## TASK GOAL:
What is needed here is an exact reprint of every record below.

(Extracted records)
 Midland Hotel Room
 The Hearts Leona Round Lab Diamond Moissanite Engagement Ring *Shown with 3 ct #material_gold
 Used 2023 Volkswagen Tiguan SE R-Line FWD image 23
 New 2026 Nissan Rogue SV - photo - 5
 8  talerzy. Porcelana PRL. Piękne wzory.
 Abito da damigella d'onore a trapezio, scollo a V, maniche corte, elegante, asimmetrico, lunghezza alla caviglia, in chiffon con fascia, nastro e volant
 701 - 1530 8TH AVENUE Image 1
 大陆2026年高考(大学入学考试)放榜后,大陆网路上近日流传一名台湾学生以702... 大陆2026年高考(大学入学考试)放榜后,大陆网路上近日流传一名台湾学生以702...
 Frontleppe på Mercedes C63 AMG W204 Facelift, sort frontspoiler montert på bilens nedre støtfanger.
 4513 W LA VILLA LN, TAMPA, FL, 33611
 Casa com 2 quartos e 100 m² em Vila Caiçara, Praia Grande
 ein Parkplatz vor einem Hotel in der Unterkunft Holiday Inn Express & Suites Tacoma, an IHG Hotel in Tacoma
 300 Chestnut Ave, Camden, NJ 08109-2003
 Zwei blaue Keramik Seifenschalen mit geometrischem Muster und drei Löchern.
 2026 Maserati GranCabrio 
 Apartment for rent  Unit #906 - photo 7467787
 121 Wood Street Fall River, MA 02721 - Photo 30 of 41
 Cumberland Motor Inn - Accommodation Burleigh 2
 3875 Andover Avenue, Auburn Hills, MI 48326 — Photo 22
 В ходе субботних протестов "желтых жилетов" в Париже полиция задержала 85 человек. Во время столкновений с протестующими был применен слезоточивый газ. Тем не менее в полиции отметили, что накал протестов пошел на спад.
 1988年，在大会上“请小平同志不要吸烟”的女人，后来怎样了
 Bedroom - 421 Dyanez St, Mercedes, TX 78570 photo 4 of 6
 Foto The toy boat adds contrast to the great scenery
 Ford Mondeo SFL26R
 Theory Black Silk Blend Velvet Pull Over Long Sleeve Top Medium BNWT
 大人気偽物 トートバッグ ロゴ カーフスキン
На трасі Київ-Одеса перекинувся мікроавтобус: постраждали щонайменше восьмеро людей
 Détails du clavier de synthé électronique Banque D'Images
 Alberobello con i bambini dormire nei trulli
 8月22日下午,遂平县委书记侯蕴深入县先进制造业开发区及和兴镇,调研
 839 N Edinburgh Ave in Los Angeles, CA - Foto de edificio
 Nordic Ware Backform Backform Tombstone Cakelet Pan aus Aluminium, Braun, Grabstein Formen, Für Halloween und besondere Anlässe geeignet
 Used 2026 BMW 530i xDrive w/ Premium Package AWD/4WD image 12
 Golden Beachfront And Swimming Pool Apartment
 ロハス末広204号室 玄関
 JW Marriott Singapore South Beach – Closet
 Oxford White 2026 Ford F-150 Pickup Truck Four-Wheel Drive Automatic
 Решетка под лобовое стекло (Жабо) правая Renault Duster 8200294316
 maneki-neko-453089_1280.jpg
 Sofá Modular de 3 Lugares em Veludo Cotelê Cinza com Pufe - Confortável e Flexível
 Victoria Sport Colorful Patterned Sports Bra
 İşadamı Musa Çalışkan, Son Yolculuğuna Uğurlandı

## RESPONSE TO THE TASK:
 Midland Hotel Room
 The Hearts Leona Round Lab Diamond Moissanite Engagement Ring *Shown with 3 ct #material_gold
 Used 2023 Volkswagen Tiguan SE R-Line FWD image 23
 New 2026 Nissan Rogue SV - photo - 5
 8  talerzy. Porcelana PRL. Piękne wzory.
 Abito da damigella d'onore a trapezio, scollo a V, maniche corte, elegante, asimmetrico, lunghezza alla caviglia, in chiffon con fascia, nastro e volant
 701 - 1530 8TH AVENUE Image 1
 大陆2026年高考(大学入学考试)放榜后,大陆网路上近日流传一名台湾学生以702... 大陆2026年高考(大学入学考试)放榜后,大陆网路上近日流传一名台湾学生以702...
 Frontleppe på Mercedes C63 AMG W204 Facelift, sort frontspoiler montert på bilens nedre støtfanger.
 4513 W LA VILLA LN, TAMPA, FL, 33611
 Casa com 2 quartos e 100 m² em Vila Caiçara, Praia Grande
 ein Parkplatz vor einem Hotel in der Unterkunft Holiday Inn Express & Suites Tacoma, an IHG Hotel in Tacoma
 300 Chestnut Ave, Camden, NJ 08109-2003
 Zwei blaue Keramik Seifenschalen mit geometrischem Muster und drei Löchern.
 2026 Maserati GranCabrio 
 Apartment for rent  Unit #906 - photo 7467787
 121 Wood Street Fall River, MA 02721 - Photo 30 of 41
 Cumberland Motor Inn - Accommodation Burleigh 2
 3875 Andover Avenue, Auburn Hills, MI 48326 — Photo 22
 В ходе субботних протестов "желтых жилетов" в Париже полиция задержала 85 человек. Во время столкновений с протестующими был применен слезоточивый газ. Тем не менее в полиции отметили, что накал протестов пошел на спад.
 1988年，在大会上“请小平同志不要吸烟”的女人，后来怎样了
 Bedroom - 421 Dyanez St, Mercedes, TX 78570 photo 4 of 6
 Foto The toy boat adds contrast to the great scenery
 Ford Mondeo SFL26R
 Theory Black Silk Blend Velvet Pull Over Long Sleeve Top Medium BNWT
 大人気偽物 トートバッグ ロゴ カーフスキン
На трасі Київ-Одеса перекинувся мікроавтобус: постраждали щонайменше восьмеро людей
 Détails du clavier de synthé électronique Banque D'Images
 Alberobello con i bambini dormire nei trulli
 8月22日下午,遂平县委书记侯蕴深入县先进制造业开发区及和兴镇,调研
 839 N Edinburgh Ave in Los Angeles, CA - Foto de edificio
 Nordic Ware Backform Backform Tombstone Cakelet Pan aus Aluminium, Braun, Grabstein Formen, Für Halloween und besondere Anlässe geeignet
 Used 2026 BMW 530i xDrive w/ Premium Package AWD/4WD image 12
 Golden Beachfront And Swimming Pool Apartment
 ロハス末広204号室 玄関
 JW Marriott Singapore South Beach – Closet
 Oxford White 2026 Ford F-150 Pickup Truck Four-Wheel Drive Automatic
 Решетка под лобовое стекло (Жабо) правая Renault Duster 8200294316
 maneki-neko-453089_1280.jpg
 Sofá Modular de 3 Lugares em Veludo Cotelê Cinza com Pufe - Confortável e Flexível
 Victoria Sport Colorful Patterned Sports Bra
 İşadamı Musa Çalışkan, Son Yolculuğuna Uğurlandı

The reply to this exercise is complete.